An interesting aspect of personality is humor. Humor can make the conversation between a human and a digital assistant more lively, but the AI must be able to recognize when the user is in the mood for it. Who contacts the insurance chatbot to report storm damage is not in the mood for a joke.

In addition, the embodiment is of importance: what does the intelligent machine look like? The appearance of digital assistants should not frighten people, because then nobody will want to interact. Also the look-and-feel must meet its purpose and context.

Not perfect
For developers, it is important to think early about the quality characteristics they expect from their AI-system. If we build our own system, we will want to know in detail how well it learns and makes decisions and whether those decisions are transparent. We can also buy 'off the shelf'. If all goes well, the supplier has already tested the technology, but we still have to determine whether the resulting business process, including the intelligent machine, indeed meets the requirements
and expectations. A bank, for example, that decides to put a robot behind the counter wants to know for sure that the robot gives the right advice and handles transactions properly.
If the quality of AI-systems is not sufficient, it entails major personal and societal risks. With the existing and newly added quality attributes, these risks can be well mitigated. We, however, certainly do not strive for perfection. And why would we, with intelligent systems that can eventually develop themselves?
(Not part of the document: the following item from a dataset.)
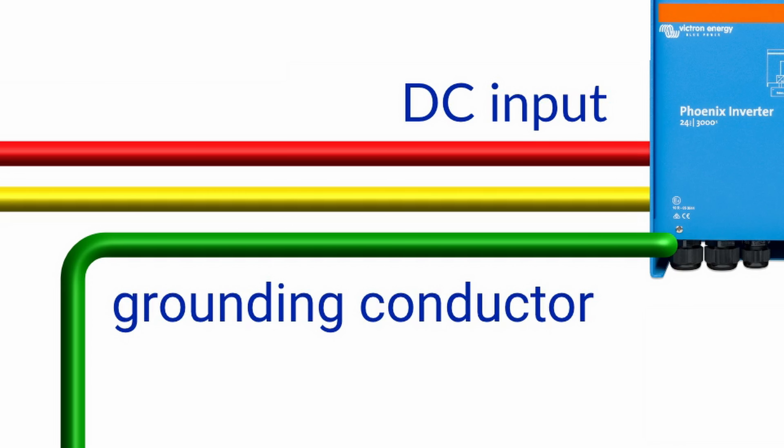Particularly if you've got like a three or five kilowatt inverter, you're talking hundreds of amps on the DC side — you're talking a big conductor, which is one of the reasons why it's often not connected.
A pleasant and joyful experience
In this article we introduced the quality characteristics of ISO 25010 and extended it with three new main groups: intelligent behavior, morality and personality, and embodiment as a subcharacteristic of user-friendliness. With the use of these quality characteristics development teams can work towards the right quality
level of their intelligent machines to satisfy the users and make interaction between people and intelligent machines a pleasant and joyful experience.


Author: Rik Marselis. 
Rik is a testing expert at Sogeti in the Netherlands. He is a well-appreciated presenter, trainer, author, consultant and coach in the world of testing. His presentations are always appreciated for their liveliness, his ability to keep the talks serious but light, and his use of practical examples with humorous comparisons. He supported many organizations and people in improving their testing practice by providing useful tools & checklists, practical support and having in-depth discussions.
As a fellow of Sogeti’s R&D network SogetiLabs, Rik researches the testing of intelligent machines (such as chatbots and robots) and how to use artificial intelligence and machine learning to support testing activities.
Rik has published many articles, blogs and papers on testing. He contributed as an author or projectleader to the following books: TestGrip (2007), TMap NEXT BDTM (2008), TPI NEXT (2009), PointZERO (2012), Quality Supervision (2012), Neil’s Quest for Quality (2014). On top of this he made smaller contributions to 12 other books.
In 2018 his latest book “Testing in the digital age; AI makes the difference”, written together with Tom van de Ven and Humayun Shaukat, was published.